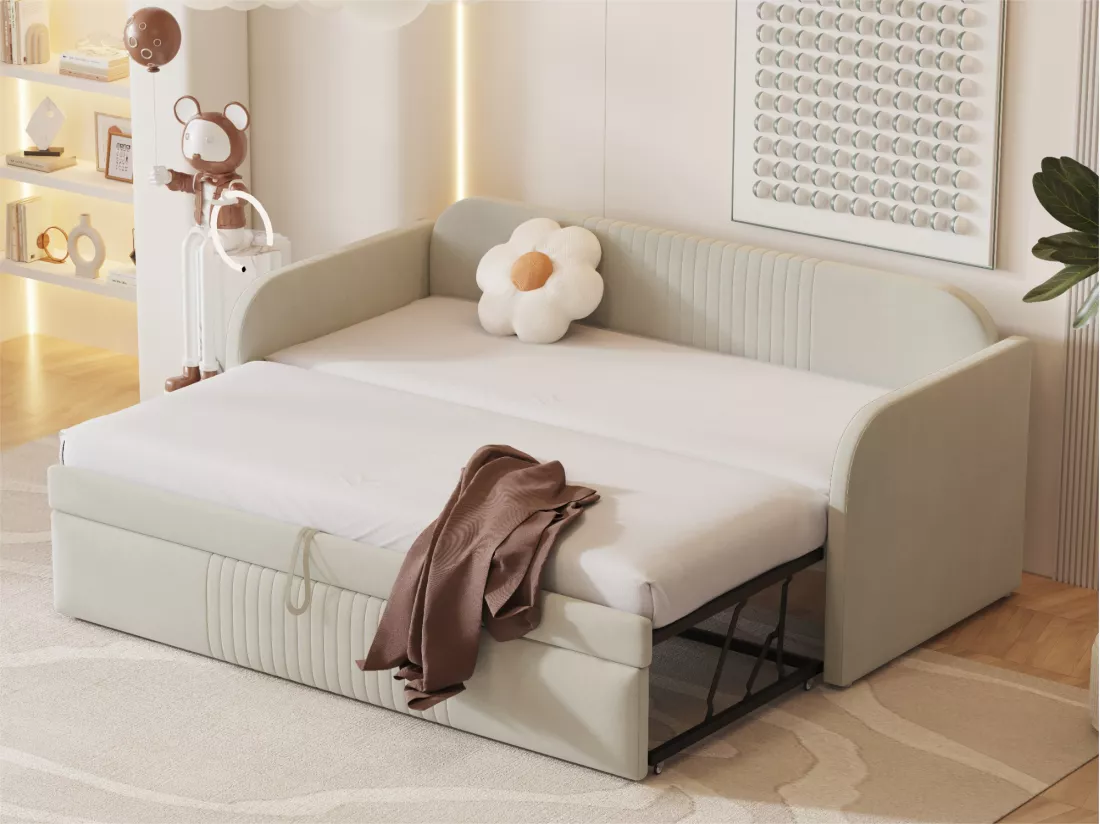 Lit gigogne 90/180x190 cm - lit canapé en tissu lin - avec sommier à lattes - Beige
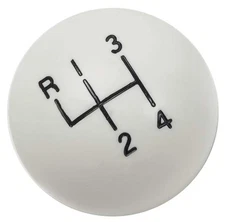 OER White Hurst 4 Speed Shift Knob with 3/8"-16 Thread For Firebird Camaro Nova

------------------------------------------------------------

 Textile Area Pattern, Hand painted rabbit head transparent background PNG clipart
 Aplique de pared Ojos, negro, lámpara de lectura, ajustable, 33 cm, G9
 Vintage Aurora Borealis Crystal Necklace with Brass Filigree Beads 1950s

------------------------------------------------------------

* _Work to complete_
Considering only the material above, set down every line from the one with "Textile Area Pattern, Hand" to the one with "Vintage Aurora Borealis", inclusive, exactly as written.

* _Output below_
 Textile Area Pattern, Hand painted rabbit head transparent background PNG clipart
 Aplique de pared Ojos, negro, lámpara de lectura, ajustable, 33 cm, G9
 Vintage Aurora Borealis Crystal Necklace with Brass Filigree Beads 1950s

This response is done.